IF IT KEEPS ON RAINING…

The rain is coming down. Heavy, then moderately, lightly. But always there, like a tapping on the head from a playground bully. This morning we went out for food supplies to last us until next payday. Roads get cut off around these parts when the rain falls day and night. Especially after months of drought. 

Three days ago we complained of soaring temperatures and brown grass which crackled under foot. The dam was so low our pump could no longer do its job and send water up to our top tank. The water in the tank that runs our toilet, the water that waters our veggies and flowers. And we were traveling north – a camping trip. The last hurrah before term starts. The toilet was in pieces as we packed up the camping stuff and the flowers were turning to dust. 

Next morning a light rain was falling. The plants would be saved! We were traveling north to Bargara near Bundaberg. Cylcone Oswald was giving Cairns a bit of a going over, Gladstone too. 80mm of rain in Bundaberg was mentioned. It didn’t sound a lot. 

The husband came in, covered in his waterproofs. Son No.1  and me (the reluctant campers) were in the kitchen. “You sure you two still want to go?” We laughed, ha-ha-ha – just like that Peter Sarstedt song. “Yes”, we said, beaming. “We like an adventure.” 

It rained lightly all the way up there. Nothing very alarming. The sort of rain that curls my hair horribly. The sort of rain that you could slip on if you ran on the concrete at servos.  But Bundaberg is flat, it’s where they grow a lot of sugar cane. For the famous rum. The sides of the roads were flowing with enormous puddles which lapped tantalisingly, metres from the road. 

We cancelled our campsite booking and booked into a motel. We shuffled around the local area in acres of waterproofing, looking for somewhere to eat that night. A lovely restaurant on the front. The plastic awning was firmly held down.

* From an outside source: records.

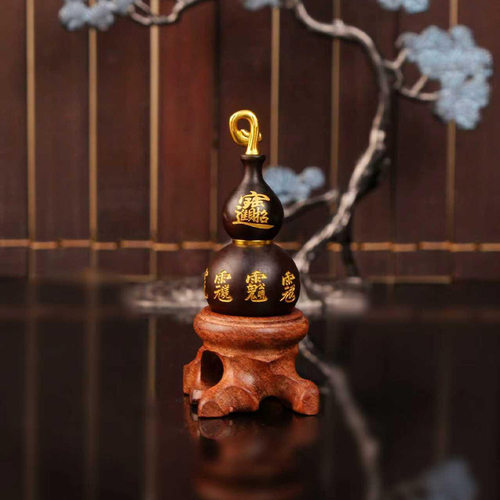天然雷击枣木龙头公明讳小葫芦吊坠精雕平安福禄摆件木雕道家用品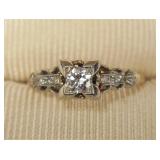 14K Yellow gold and platinum diamond ring
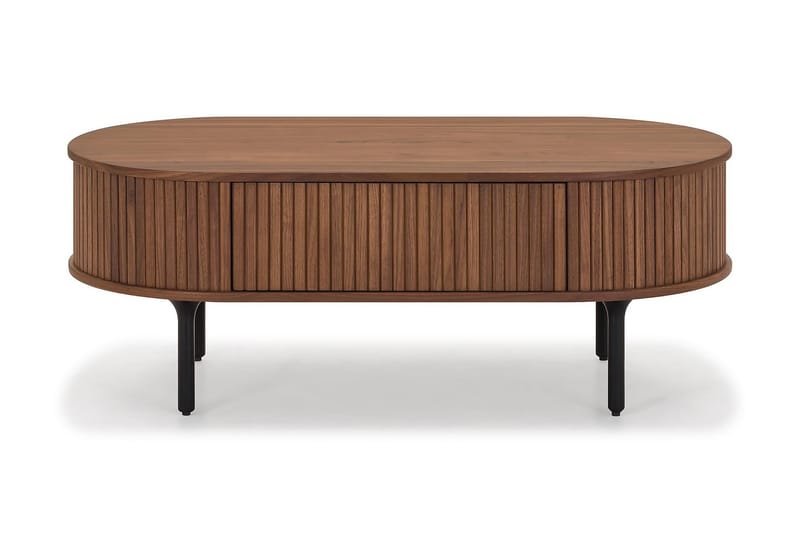 Noira Sofabord 118 cm Ovalt med Oppbevaring Skuff - Massiv Valnøtt/Svart - Møbler - Bord - Spisebord & kjøkkenbord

I devoured my oysters with smoked salmon and caviar watching the surging sea. The violent swaying of palm trees. It looked delightful this side of the plastic, drinking bubbles and dining on seafood. 

I was woken at 2am by Son No.1 calling for the dog, who was safely tucked up in kennels several hundred kilometers south. For the rest of the night I lay listening to wild winds and hammering rains. I dozed off at 5am only to be woken by the husband. “If we don’t get out of here now we might get stuck.” 

Stuck in a motel room, metres from a growling sea. Living on frightened fish and local rum. Mmmmmm. 

We drove home in driving rain to more of the same. 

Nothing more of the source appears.